[Stored dataset items]
((

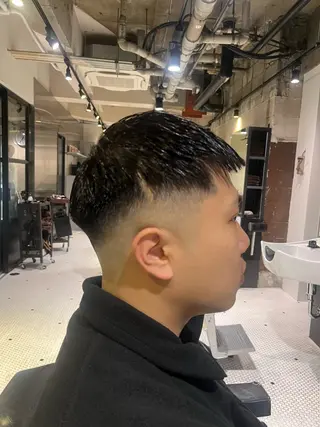 ショート FRANK’S BARBE(E)R THE STAND.飯田橋店所属・飯田橋 Junnaのヘアスタイル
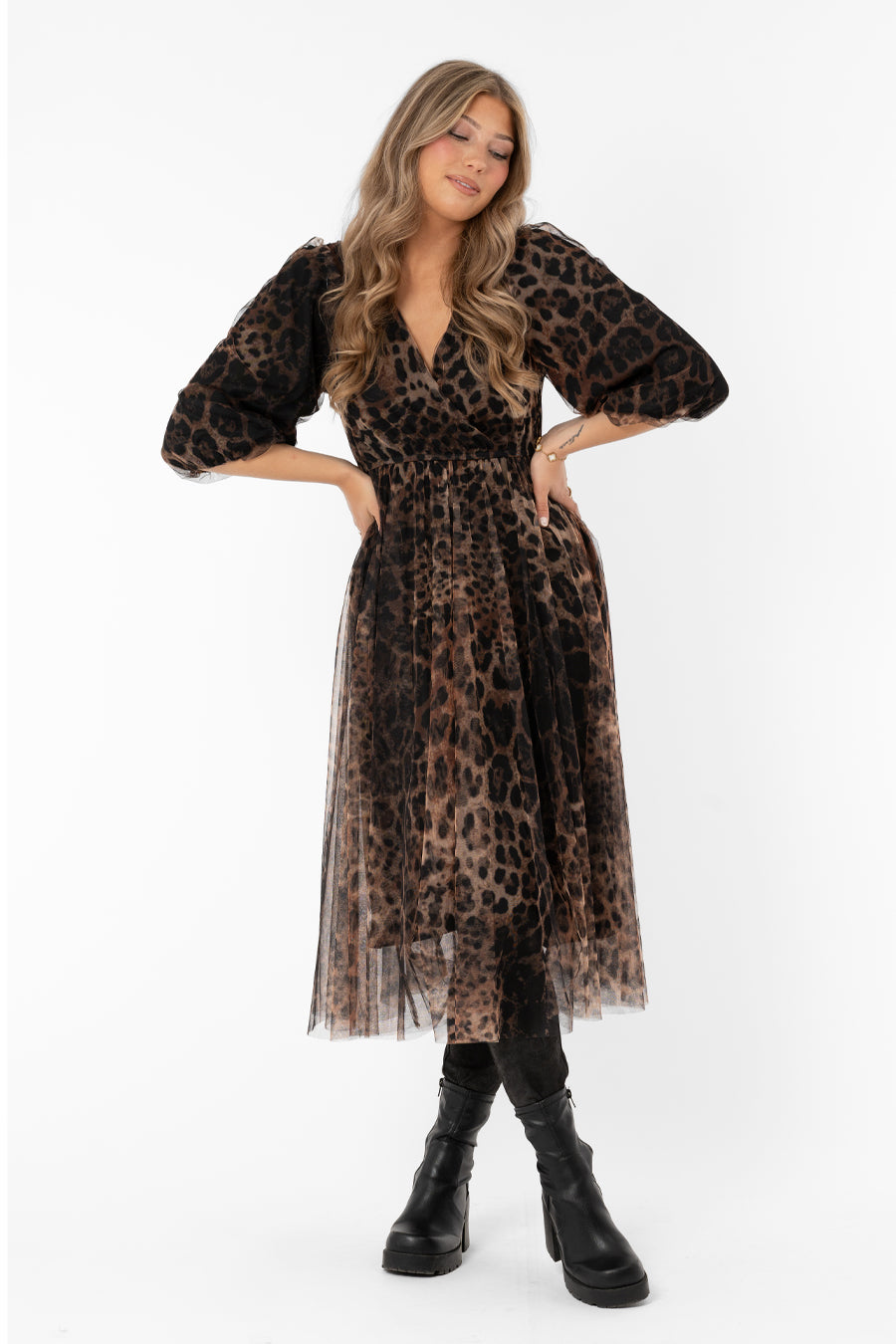Priscilla leopardi mekko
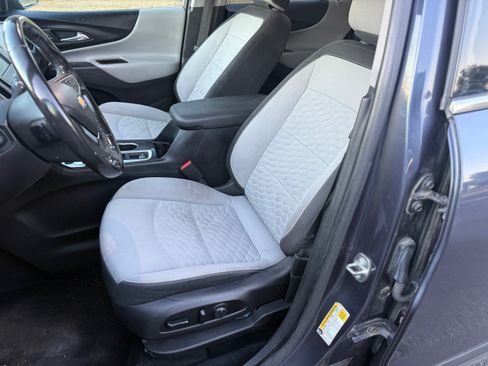 Used 2018 Chevrolet Equinox LT image 8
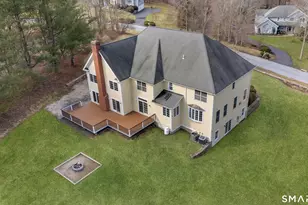 68 Charter Ridge Dr, Newtown, CT 06482 - Photo 3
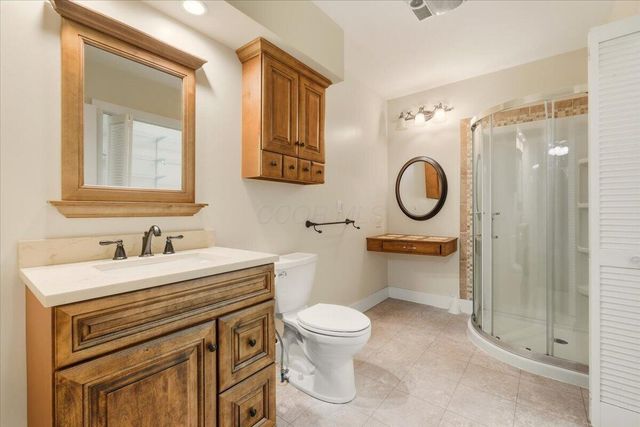 24057 Coshocton Road, Howard, OH 43028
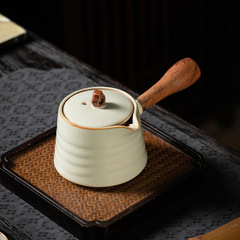 米黄汝窯側はポットティーポットを茶器に浸します。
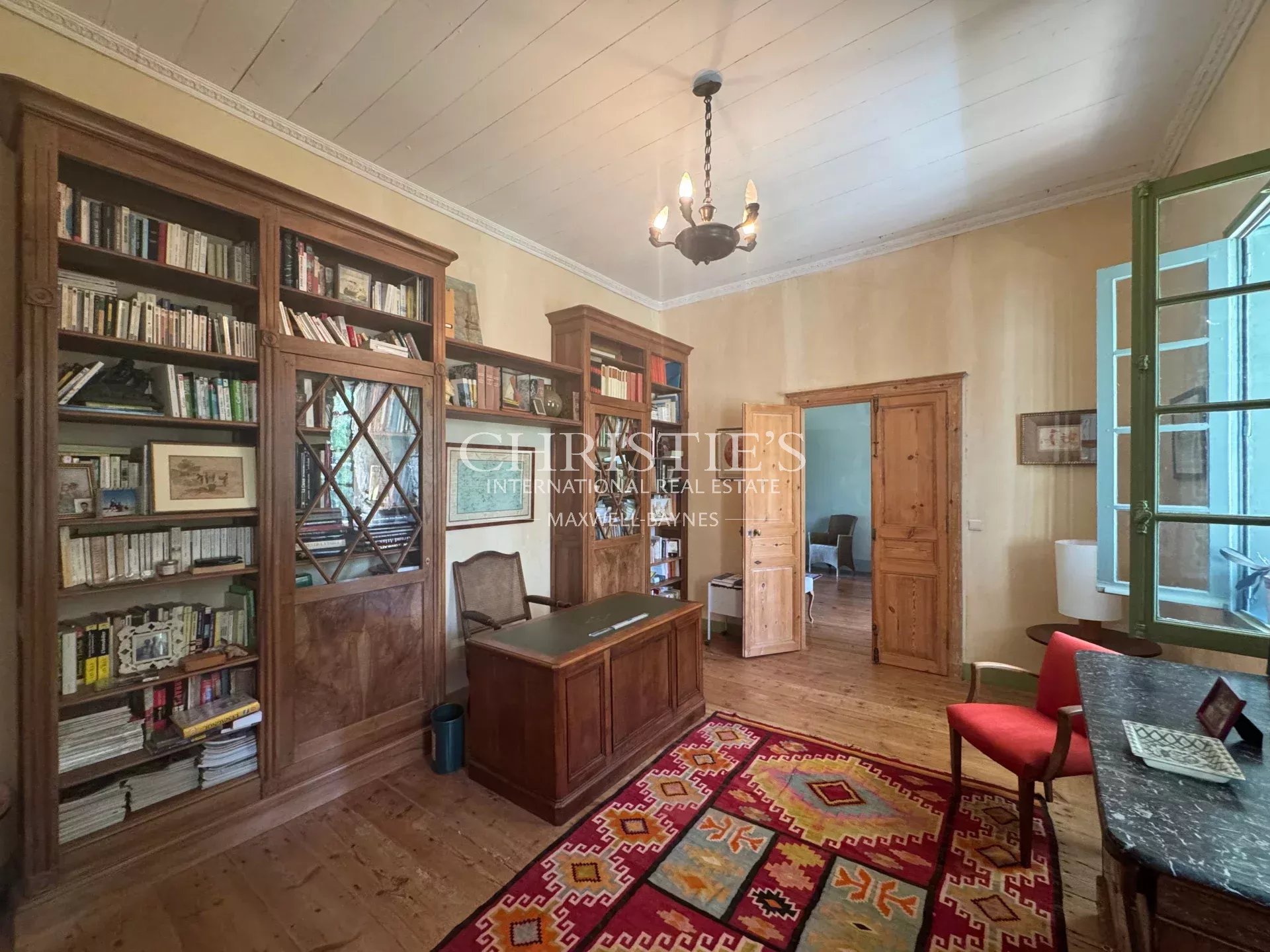 4 Bedroom Villa/Townhouse's Image 15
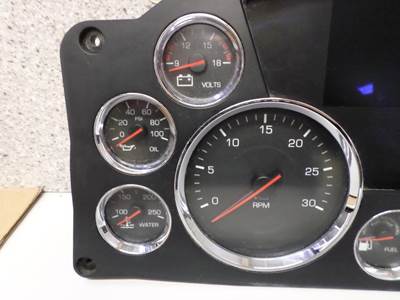 Kenworth T680 Instrument Panel Cluster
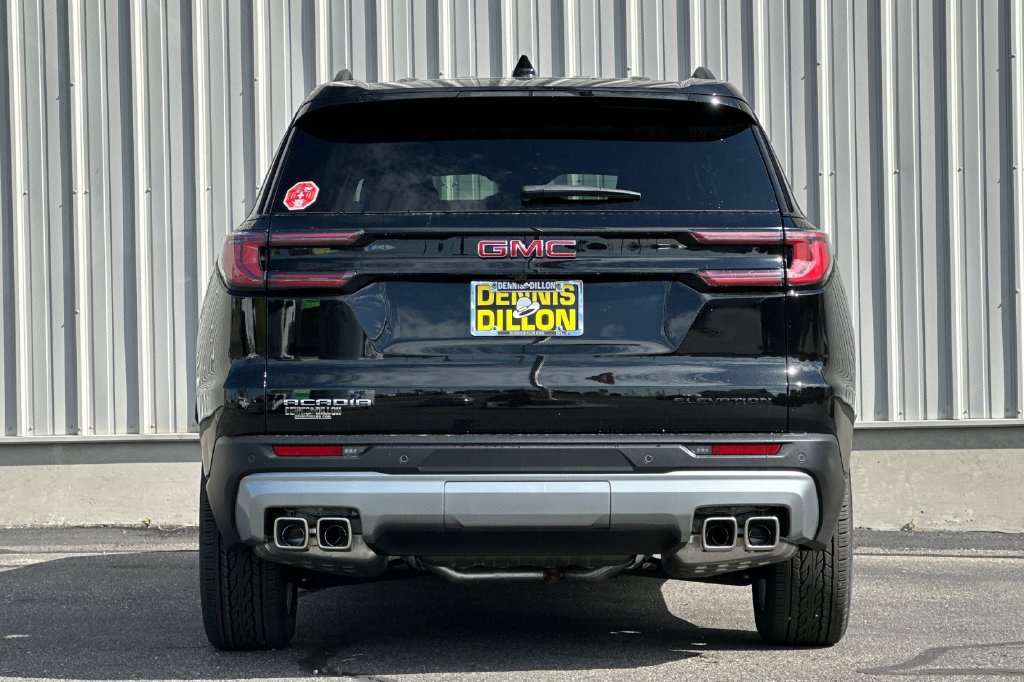 Used 2025 GMC Acadia Elevation w/ Elevation Premium Package FWD image 4
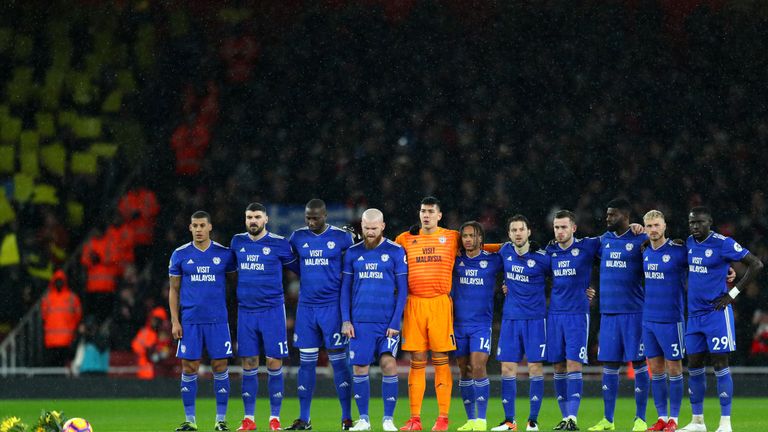 Cardiff players honour their missing striker Emiliano Sala at Arsenal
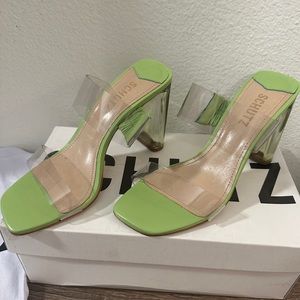 Schutz Ariella Green 6 NEW IN BOX
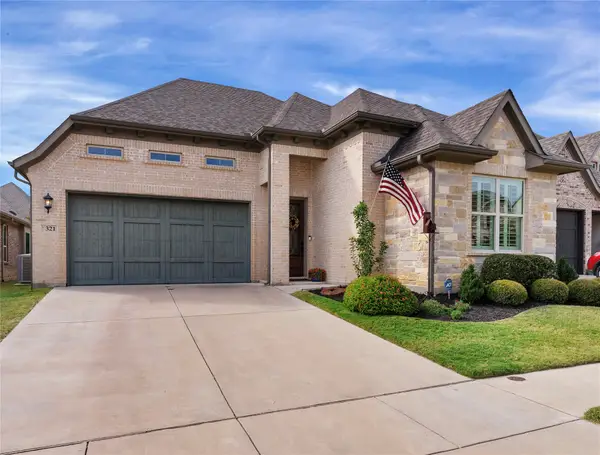 321 Arrowhead Pass, Keller, TX 76248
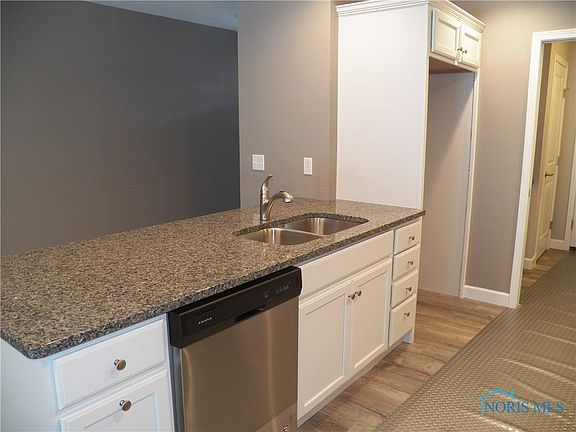 4th image of 727 Clairmont Ave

))

**TASK INSTRUCTIONS:** Omitting the pictures, copy each record above exactly as it stands.

**COMPLETED TASK:**
 ショート FRANK’S BARBE(E)R THE STAND.飯田橋店所属・飯田橋 Junnaのヘアスタイル
Priscilla leopardi mekko
 Used 2018 Chevrolet Equinox LT image 8
 68 Charter Ridge Dr, Newtown, CT 06482 - Photo 3
 24057 Coshocton Road, Howard, OH 43028
 米黄汝窯側はポットティーポットを茶器に浸します。
 4 Bedroom Villa/Townhouse's Image 15
 Kenworth T680 Instrument Panel Cluster
 Used 2025 GMC Acadia Elevation w/ Elevation Premium Package FWD image 4
 Cardiff players honour their missing striker Emiliano Sala at Arsenal
 Schutz Ariella Green 6 NEW IN BOX
 321 Arrowhead Pass, Keller, TX 76248
 4th image of 727 Clairmont Ave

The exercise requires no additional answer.